After all those stories of letting people into the house and having things stolen, I would like to say that in 50 years of having people in the house, including house viewers, I have never had anything stolen.

I know this can change but most workmen cannot afford the loss of reputation that thieving will bring and are both honest and reliable.

seventhfloorregular Mon 22-Apr-19 11:55:02

My neighbour told me her daughter in law was always in her house stealing things and I began to worry when the younger woman visited with the children - even police were called. It was only when she told me daughter in law was stealing her rubbish that the penny dropped

NotSpaghetti Sun 14-Apr-19 12:32:22

My mother in law thought her removal men had stolen 3 odd items - a silver salt pot, a horn carving knife and another unrelated item. She had told me about it a few times expressing amazement as they were a "family business".
They were found last week in a rather high cupboard that she doesn't use. They must have been unpacked there by the company.

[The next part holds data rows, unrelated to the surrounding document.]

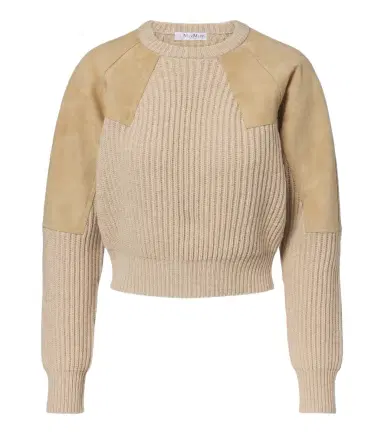 Max Mara Suede-paneled wool and cashmere sweater | Thumbnail 1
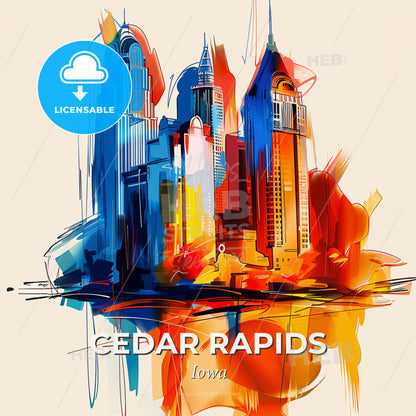 Vibrant Cedar Rapids, Iowa - A Colorful Cityscape With Many Buildings - Square format print template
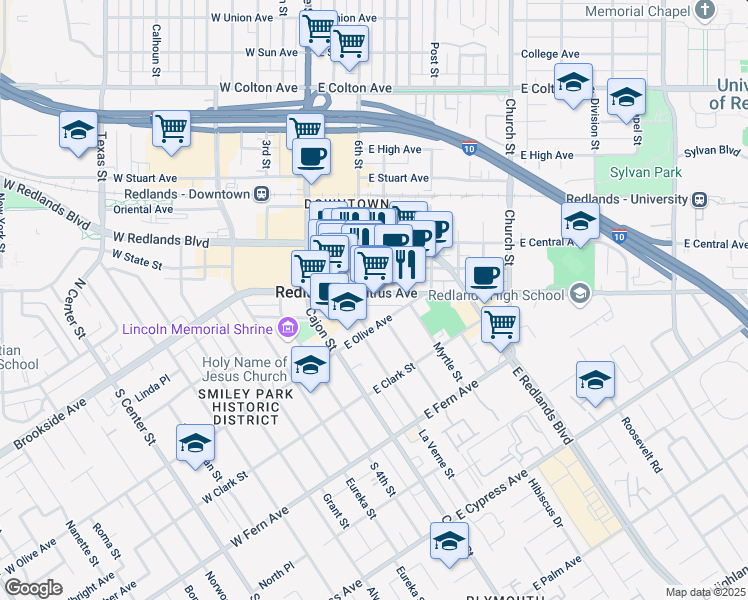 map of restaurants, bars, coffee shops, grocery stores, and more near 218 East State Street in Redlands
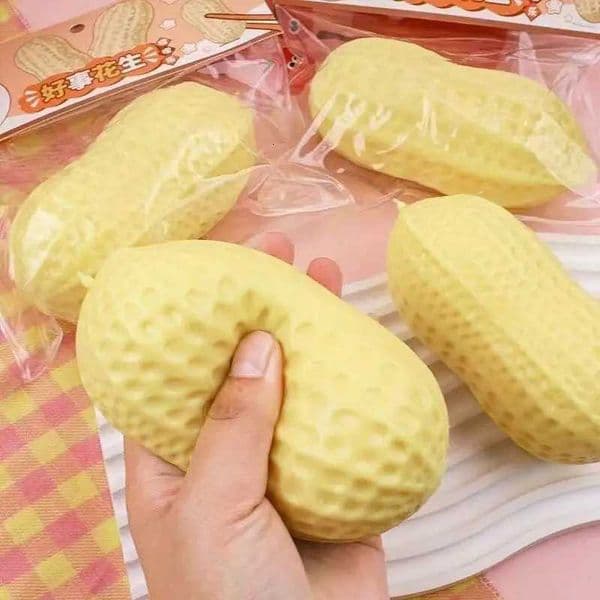 Pinch Fun Large Peanut Simulated Food Cheese Rebound Stress Relief Funny Toy Gift for Giving M260521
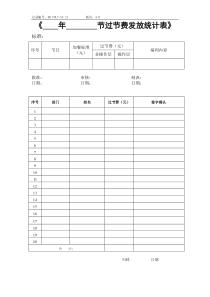 过节费发放统计表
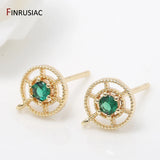 Green Zircon Rhinestone Earring Findings 14k Plated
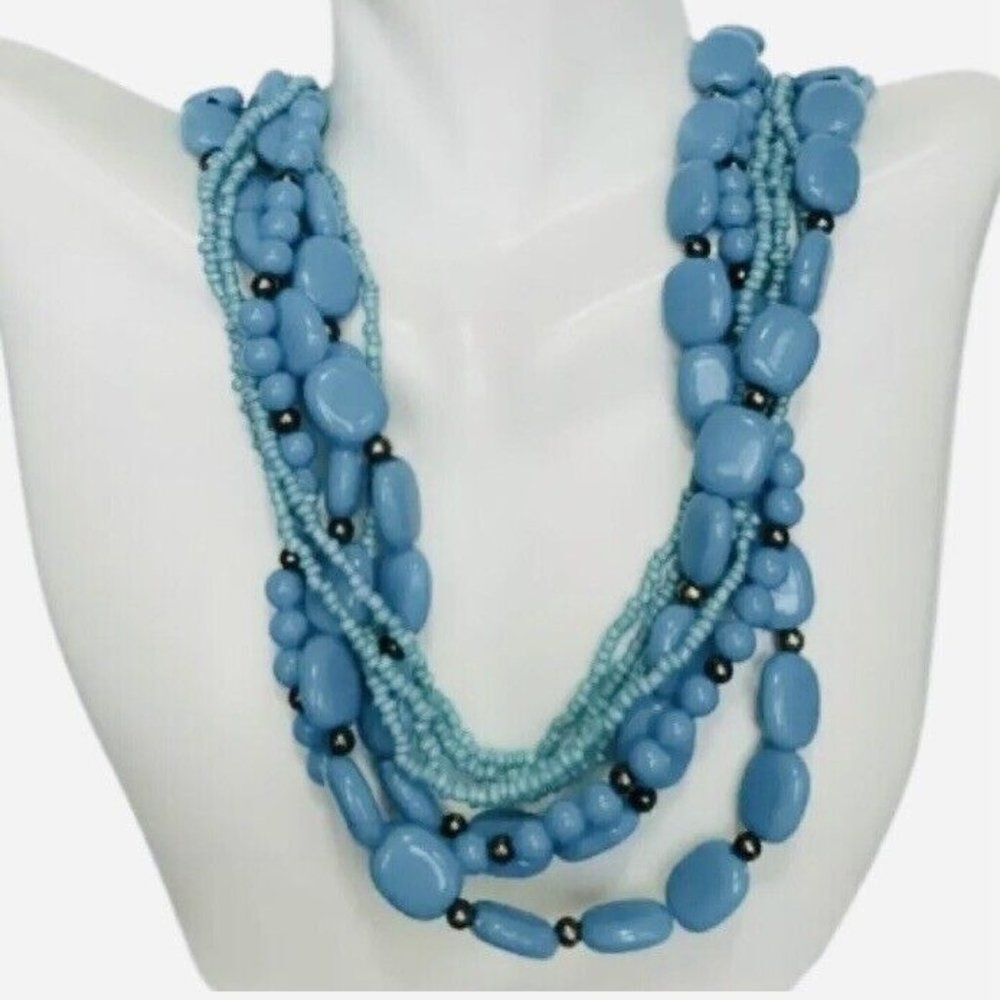 Womens Blue Simulated Turquoise Southwestern Beaded Vintage Boho Necklace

NotSpaghetti Sun 14-Apr-19 12:27:57

eilyann I was told that by a friend who works in insurance. I think they said it's because they are 'invited' in.

Phoebes Sat 13-Apr-19 22:37:55

We have used the same carpet fitter for many years and never had any problems, but he had been the only person in the house while we popped out to do some shopping and some months later I noticed that about £400 worth of US dollars and some Danish Krone which were left over from visits to our daughters and which we were saving for our next visits, were missing from my knicker drawer. Of, course, we can’t prove anything, but he was the only person who had been in the house when we weren’t there. We won’t be using him again. It feels very upsetting when you trust someone and this happens.

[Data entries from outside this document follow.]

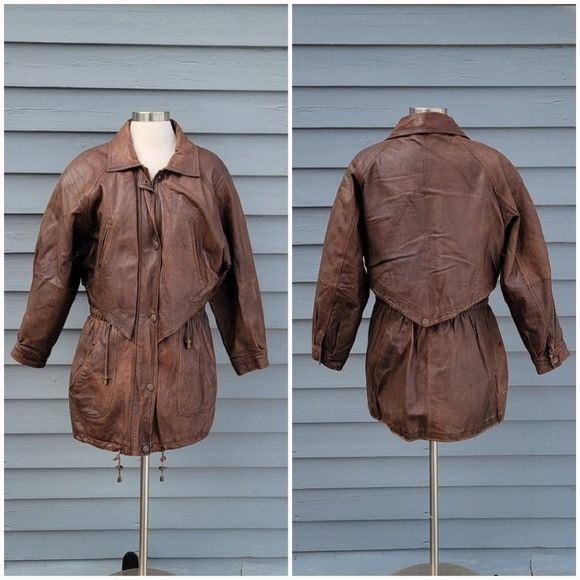 Wilsons Leather Vintage 90s y2k Wilsons Brown Leather Long Trench Coat Boho Size US S / EU 44-46 / 1 - 1 Thumbnail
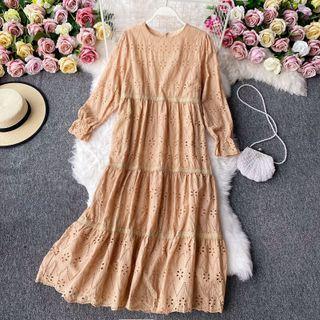 Puff Sleeve Eyelet Lace Maxi Dress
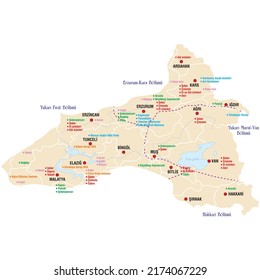 Big Map Of Eastern Anatolia Region Turkey Region. Part Of Turkey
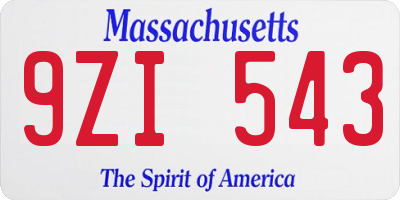 MA license plate 9ZI543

poshpaws Sat 13-Apr-19 21:28:26

My Mum's engagement & eternity rings were stolen by plumbers she had in. Police could do nothing, as there was no proof; it would have been her word against theirs. Dad bought her new ones, but she was so upset due to the sentimental value of the original ones. I'm sorry you're in a similar situation. The feelings of loss will dissipate after a while though they may never go away completely. I hope the items weren't too sentimentally significant for you.

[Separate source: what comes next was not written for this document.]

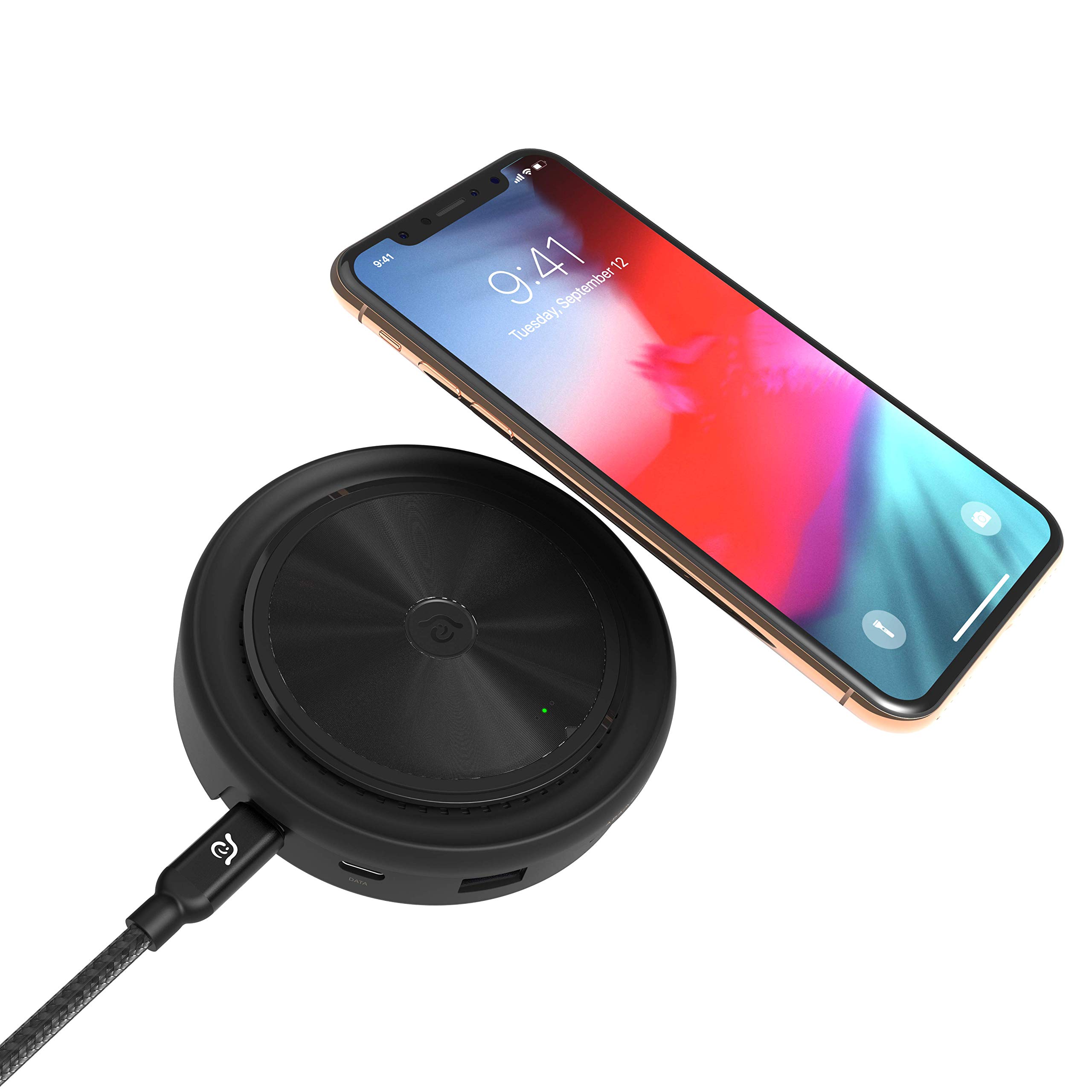 ADAM Elements USB C Hub with Detachable Wireless Charger - 7-in-1 Multiport Adapter with HDMI/VGA, USB-C PD Fast Charging, USB 3.1 Ports - Compatible with MacBook Pro, iPad Pro, iPhone, Samsung Galaxy - Perfect for Home Office, Travel & Conference Presentations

Sleepygran Sat 13-Apr-19 19:38:05

I had a cleaner who stole jewellery from me. I was rolled up in a tea towel in the back of a drawer,(it was my mothers)and I didn't notice until shed helped herself to almost all of it.My husband went to see her but she denied it.
I didn't report it but 2 years later she was in the paper for doing the same to another elderly person.I do still feel guilty about not reporting it but we had no proof.

zsazsa Sat 13-Apr-19 19:23:02

I've had many honest cleaners, but about three years ago one woman systematically stole jewellery from me...The first time I noticed a ring had gone I mentioned to her my little grandson might have moved it...she then "found it" in his toys...But other things went without my noticing until I realised it was first a necklace and then the matching blue earrings. I gave her notice and told her to clean the kitchen on the last day, thinking that was safer than upstairs. Not a bit of it: she took a large silver fork I'd had for 30 years and used as a whisk. I could never prove it was her but when she got on the same bus as me one day last year it was all I could do not to shout "This woman is a thief!"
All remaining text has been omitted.